Ana Nobre do Instituto Terramar, ressaltou a importância do Rio Jaguaribe na vida das pescadoras e todo o processo de violações sofrido por elas, seja com o derramamento de petróleo, que já se passaram quatro anos e nada foi feito; a falta de monitoramento do rio e possíveis contaminações por metais pesados; a não publicação do ZEEC e a falta de precisão nos números de pescadoras e pescadores artesanais no Ceará; a necessária titulação quilombola e regularização fundiária no estado para resguardar as comunidades e seus modos de vida; e por fim  a importância de estadualizar a carteira de marisqueiras. Sobre esse último ponto, ressaltamos que na fala do vice-secretário de pesca do Ceará, Evaldo Bringel, o mesmo afirmou não ter um números precisos sobre a pesca artesanal, mas que há uma estimativa de que existam 22 mil registros (8 mil regularizados). Esse número precisa ser atualizado para efetivar direitos e as políticas públicas tanto para pescadores quanto para pescadoras, em suas diversidades de formas de trabalho.

Representando o governo federal, Cristiano Ramalho (Secretário Nacional da Pesca Artesanal) ressaltou que no início de agosto (02/08) foi lançado o Programa “Povos da Pesca Artesanal”, com políticas de fomento destinadas a mulheres pescadoras. No Plano Nacional da Pesca Artesanal, também está previsto a criação de GTs mulheres, legislação e territórios, para pensar juntos em políticas públicas para a categoria. 

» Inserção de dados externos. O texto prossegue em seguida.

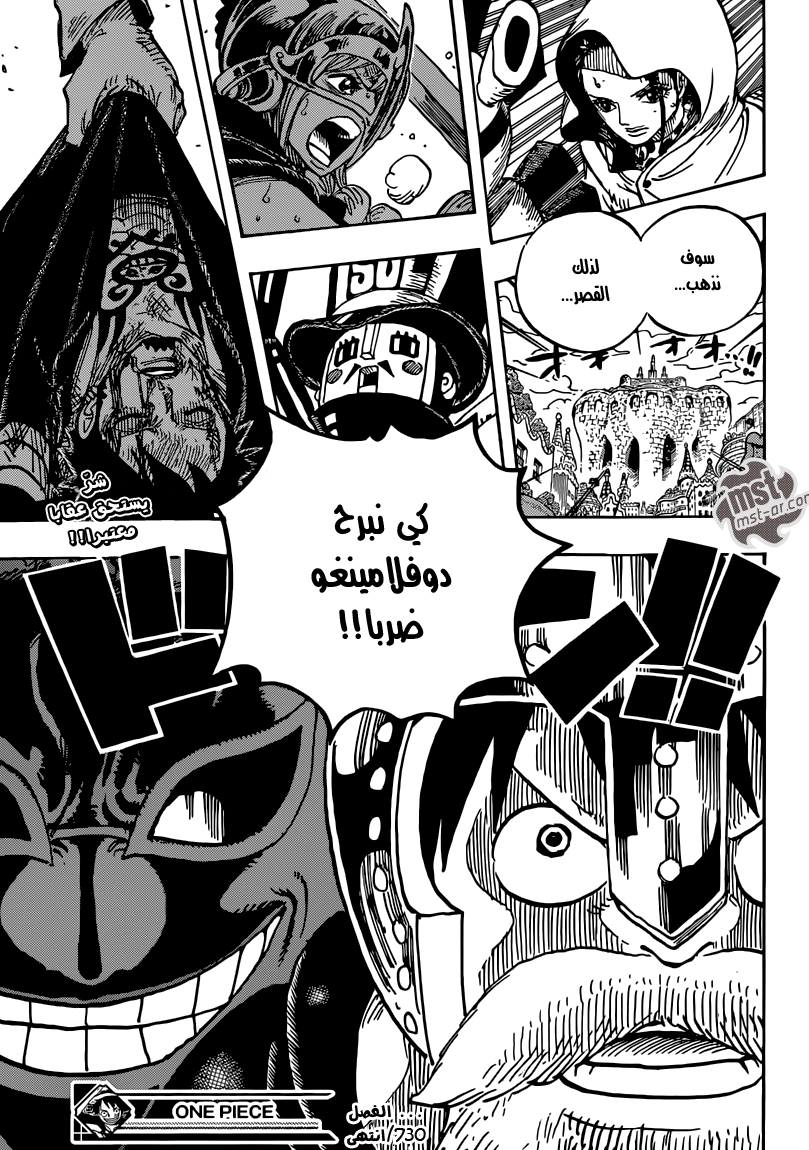 One Piece: Chapter 730 - Page 18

Dos encaminhamentos da audiência, foi proposto que o estado do Ceará reconheça as mulheres como pescadoras, pois ainda não consta nenhuma legislação estadual para a categoria. Atualmente no Brasil somente os estados da Bahia e do Pará reconhecem as profissionais através de legislação específica que lhes assegure direitos. Além do reconhecimento, as pescadoras solicitaram a criação de um auxílio emergencial; um seguro defeso para o período de estiagem do Rio Jaguaribe; uma maior fiscalização aos empreendimentos próximos ao rio, monitorando e verificando a qualidade de suas águas; a distribuição de “kits de pesca” que contemplem as trabalhadoras, atualmente acessados apenas por pescadores homens, e que elas sejam consultadas sobre os equipamentos necessários; à elaboração de um projeto de lei nacional para as mulheres pescadoras.         

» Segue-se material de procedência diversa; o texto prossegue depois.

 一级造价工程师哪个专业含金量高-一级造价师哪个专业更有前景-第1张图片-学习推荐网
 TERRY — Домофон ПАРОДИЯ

A audiência pública foi uma articulação do Conselho Pastoral de Pescadores, do Movimento de Pescadores e Pescadoras, da Articulação Nacional de Pescadoras, do Mandato “É tempo de Resistência”, da Terramar e das pescadoras e marisqueiras dos territórios: Quilombo do Cumbe, Canavieiras, Fortim, Vila da Volta, Majorlândia e Guajirú. 

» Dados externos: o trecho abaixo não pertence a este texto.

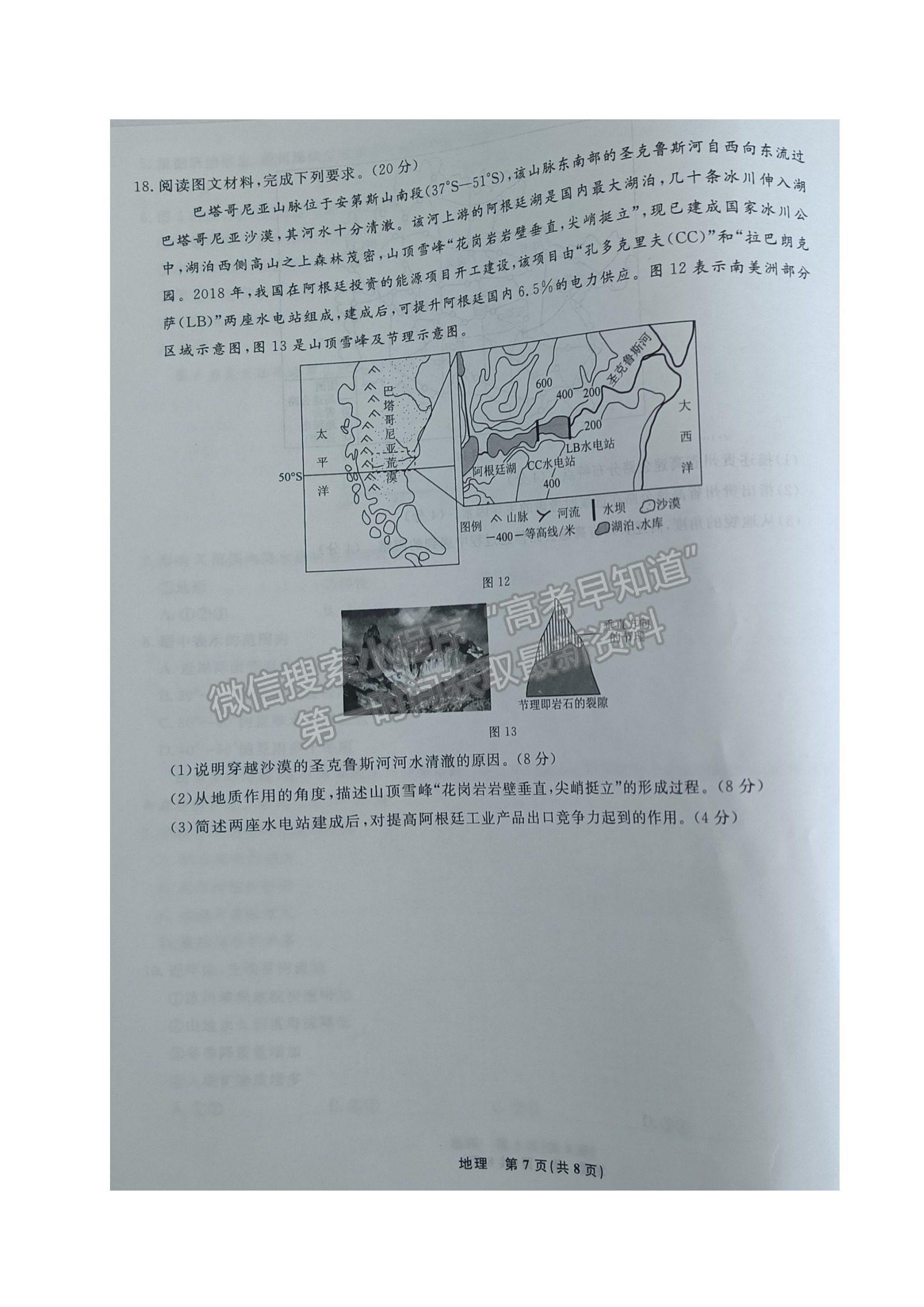 2022遼寧名校聯(lián)盟高三10月聯(lián)考地理試題及參考答案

Agradecemos a participação das mulheres pescadoras presentes na mesa: Luciana Santos, Francisca Carneiro (Tica), Gracinete Rodrigues, Mônica Freire, Lourdes Lima, Aldena Santos, e todas as outras que estavam na plenária, bem como  Camila Batista, representando a Comissão Pastoral de Pescadores (CPP). E dos representantes do poder público: Cristiano Ramalho (Secretário Nacional da Pesca Artesanal), Sergio Oliveira (INSS), Cinthia Stuart (Proteção Social) Liliane Guedes (gestora de análise e monitoramento da SEMACE), Evaldo Bringel (Vice-Secretário da Sec. da Pesca do Ceará), Carlos Alexandre (analista ambiental do IBAMA), Luis Ernesto (Cientista Chefe – Labomar), Mara Tavares (Titular CEREST/CE), Bartolomeu Cavalcante (chefe de gabinete da Ematerce), Dr. Fernando (Defensor Público da União) e do Deputado Estadual Renato Roseno, mediador da mesa.